Integrated circuits that are not operated from a stabilized supply voltage require a reference voltage source internally. This applies, in particular, to voltage regulators whose output voltage serves as a reference voltage for other integrated circuits or circuit blocks.

In principle, the on-state or forward voltage of a diode or generally of a pn junction, e.g. the base-emitter voltage of a bipolar transistor, can be used as a reference voltage. However, the forward voltage of a pn junction has a negative temperature coefficient, which has an adverse effect for many applications. If, by way of example, it is intended to supply sensors, A/D converters or similar components with the aid of a voltage regulator whose output voltage serves as a reference voltage, the output voltage of the voltage regulator must be highly accurate and, in particular, extremely stable with regard to temperature.

Therefore, band-gap reference voltage circuits are preferably used as reference voltage sources that supply a temperature-stabilized reference voltage. These known band-gap reference voltage sources are based on addition of a forward voltage of a pn junction through which current flows, and a difference voltage multiplied by a corresponding factor, which difference voltage is formed from two voltages of two pn junctions through which different current densities flow. Generally, the forward voltage of a pn junction through which current flows has a negative temperature coefficient as has already been explained above. On the other hand, the difference between two forward voltages rises proportionally to the absolute temperature and is thus subject to a positive temperature coefficient. If the factor by which the difference voltage explained above is multiplied is set in such a way that the negative temperature coefficient of the forward voltage of the pn junction and the positive temperature coefficient of the difference voltage cancel each other out, it is possible to obtain a temperature-stabilized output or reference voltage. In particular, the output voltage of such a reference voltage source, which is obtained by addition of the above-explained forward voltage of a pn junction through which current flows, to the difference voltage (likewise explained above), amounts to approximately 1.25 V, which corresponds approximately to the band-gap of silicon. Therefore, such reference voltage sources are referred to as band-gap reference voltage sources.

With the foregoing and other objects in view there is provided a reference voltage circuit that includes a bipolar transistor circuit with a plurality of bipolar transistors. The bipolar transistor circuit supplies a reference voltage derived from a summation voltage formed from a first voltage and a second voltage. The first voltage is derived from a forward voltage of a pn junction through which current flows.

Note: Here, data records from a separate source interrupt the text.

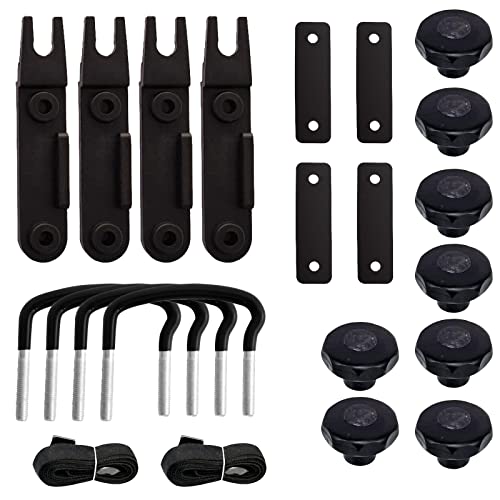 Lotcesfun Roof Box U-Bolt Clip Stainless Steel Universal Inner Width 85Mm/3.35In Thick 40Mm/1.57In Roof Rack Mounting Brackets Accessories With 8 Lock Nuts 2 Straps (4Pcs) #TOP5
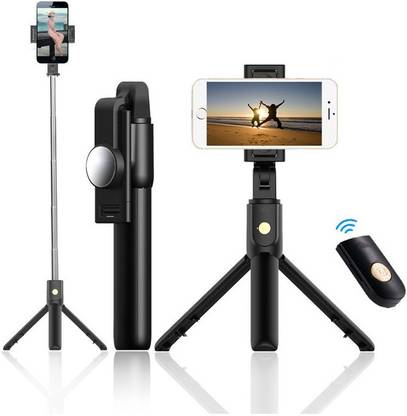 subton Photography Mini Tripod Selfie Stick with Bluetooth Selfie Remote | Horizontal & Vertical Rotation | for Vlogging, Video Shooting, YouTube etc Compatible with All Mobile Phones Monopod, Monopod Kit, Tripod Bracket, Tripod Clamp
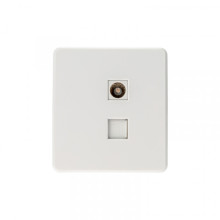 Розетка ROUND компьютерная RJ45 кат6 + TV с/у перламутр KRANZ, KR-78-0722-1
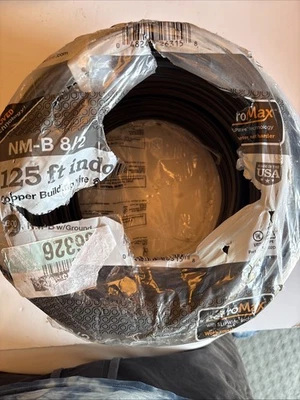 125 ft. 8/2 Black Stranded CerroMax SLiPWire Copper NM-B Wire - Image 1 of 2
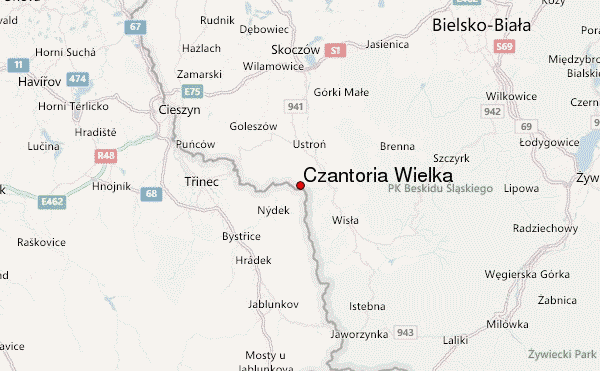 Czantoria Wielka Location Map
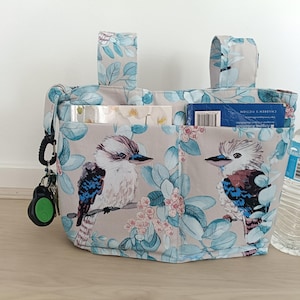 Walker Bag with Bottle Holder: Wheelchair Organizer, Handmade Cotton Accessory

The second voltage is derived from a difference voltage between two forward voltages of corresponding pn junctions through which current flows. A calibrator is provided for calibrating the reference voltage supplied by the bipolar transistor circuit. The calibrator is configured such that, upon a corresponding activation, the calibrator changes a collector current of at least one of the bipolar transistors of the bipolar transistor circuit.

According to the present invention, the reference voltage circuit is calibrated by changing the collector current of at least one bipolar transistor of the circuit section that supplies the reference voltage. If the collector currents of the two bipolar transistors of the circuit section which supplies the reference voltage are changed, the output voltage of the reference voltage circuit can be adjusted, proceeding from a preset value, both upward and downward.

In accordance with the preferred exemplary embodiment of the present invention, the calibration is effected, in particular, by distorting, that is to say corrupting, the conversion ratio of the current mirror of the reference voltage circuit. Controllable switches, in particular in the form of MOS field-effect transistors, can be activated by the application of corresponding calibration voltages to calibration terminals of the reference voltage circuit, with the result that, when the switches are in the closed state, a specific current is tapped from the collector current paths between the current mirror and the two bipolar transistors. In particular, the reference voltage circuit includes a plurality of calibration terminals which are connected to controllable switches in such a way that when a calibration voltage is applied to the individual calibration terminals, different currents are tapped from the above-mentioned collector current paths, with the result that different settings of the reference voltage are possible by activating different terminals.

Measurements on the silicon carried out on a test circuit according to the invention have yielded, by way of example, a temperature response of the reference voltage supplied by the reference voltage circuit of +/-0.72% in the temperature range from -40°C to +225°C, and it was possible to carry out calibration of the reference voltage as desired in a range of +/-3%. If a basic accuracy after the calibration of +/-0.5% is assumed, the total error to be expected during production in the above-described temperature range is less than +/-1.5%.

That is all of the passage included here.